Come January 2002, this lineup will march into a studio dubbed Crabby Road, which belongs to former member Billy. (L.J. says he's still on good terms with both former members, attributing their departure from the Hefners to those oft-cited "creative differences.") The record that will in theory emerge from these sessions follows two full-lengths on Germany's Middle Class Pig Records (the more recent being 2000's Repop!) and other assorted odds and ends, such as the seven-inch Hefner Style. All of the group's releases come packed with short, sleazy songs that feature trashy guitar riffs and trashier organ accents, and these tunes become even naughtier live, fueled by a healthy diet of cocktails and cigarettes.
By the time work on the new tracks begins in earnest, about two years will have passed since Repop!'s recording, with the band's European tour fitting into the interval. During that time, not only has L.J. improved his vocal chops, but the group has sharpened its instrumental prowess as well. So are the Hefners, like, good now?
"Oh, I don't know about good," L.J. says cautiously. "But we've gotten a lot better, that's for sure. I've figured out a lot about songwriting. We used to never have bridges or intros or anything like that. It's not all baroque now, but it's just a little bit more complex. I think all the energy is still there, which I think was our charm for a long time, but now I feel like we can back that up."
And the Hefners will do just that at its big comeback show, its first as a band with James and Josh and the first in its hometown in more than a year. "We decided we hadn't played Lawrence since August 2000, and since we're rehearsing stuff all the time and learning stuff really quick, why not just show what we've got the first night?" L.J. says of the homecoming gig, which will offer two sets and no opening act. "We're only doing three or four songs that have been heard in this country," he continues. "We are playing some of the old favorites that people ask for -- pretty much the ones that get played on the radio -- but they've been completely rearranged.

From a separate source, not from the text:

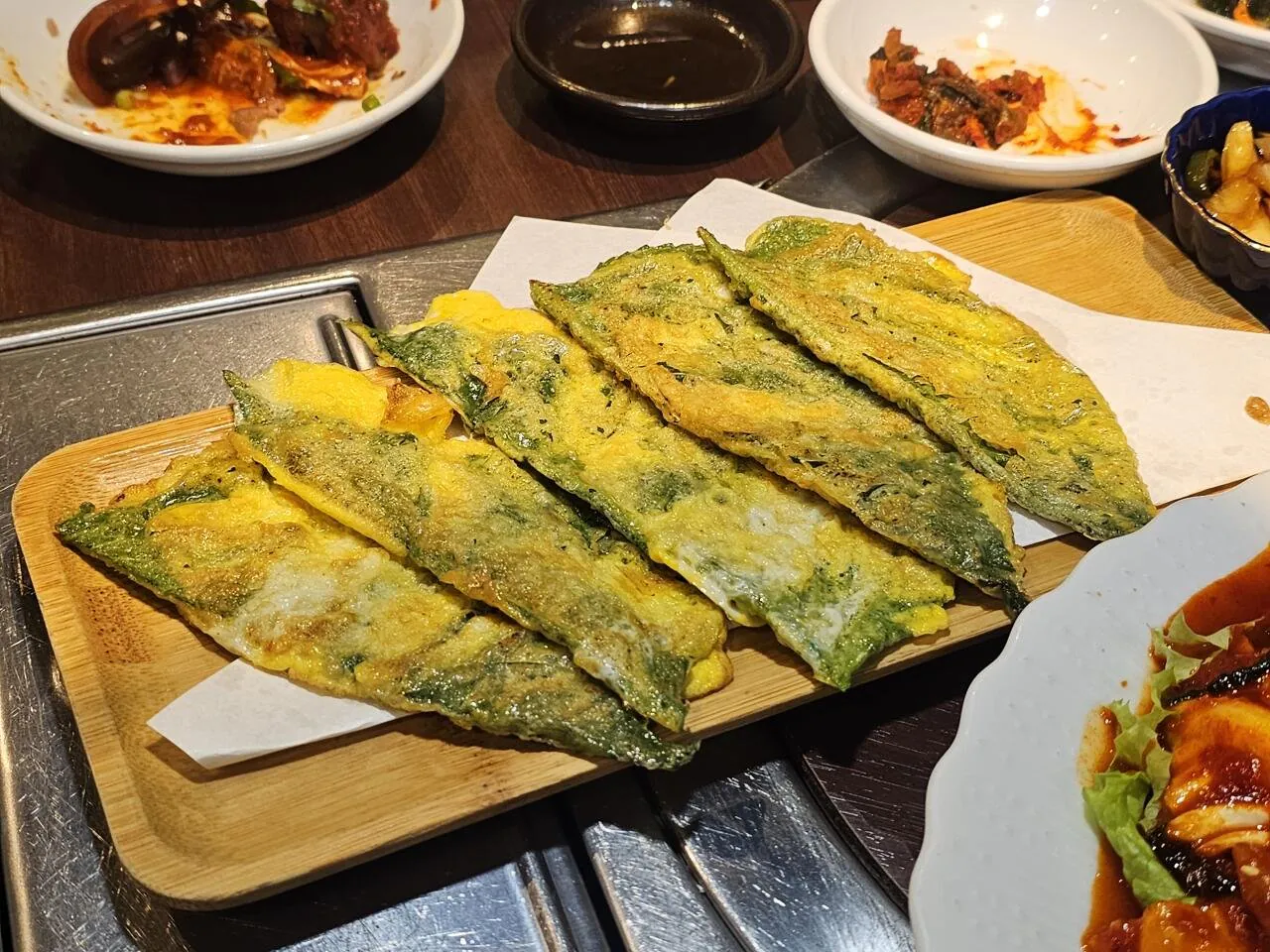 도쿄 아카사카 한국식당 음식 퀄리티 ㅎㄷㄷ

They're not so much 'one-two-three-four,' you know, Ramones-like, that wall of noise the whole time. They're a little more dynamic."
But that doesn't mean that the Hefners have abandoned their dedicated mission to rock you and your ilk. "I would say we're even harder now," L.J. asserts. In fact, he's got a gauntlet to throw down for any interested parties. "In the friendliest competitive way, the Hefners are open for any kind of rock-off challenge to see who can rock the hardest." For details and to start setting up the musical combat, L.J. offers his e-mail address, firstname.lastname@example.org. Any surfacing thoughts of the ill-fated Tournament of Rock that left many a band burned should be quashed. "Our rock-off would be for free," L.J. promises.
Also on the Hefners' drawing board is a New Year's pah-tay, with to-be-determined special guests and a Lawrence location that will be announced at Saturday night's concert. This event should cause quite a stir, because really, who wants to miss a party thrown by a Hefner? And let's face it, you're never going to get invited to one of Hugh's.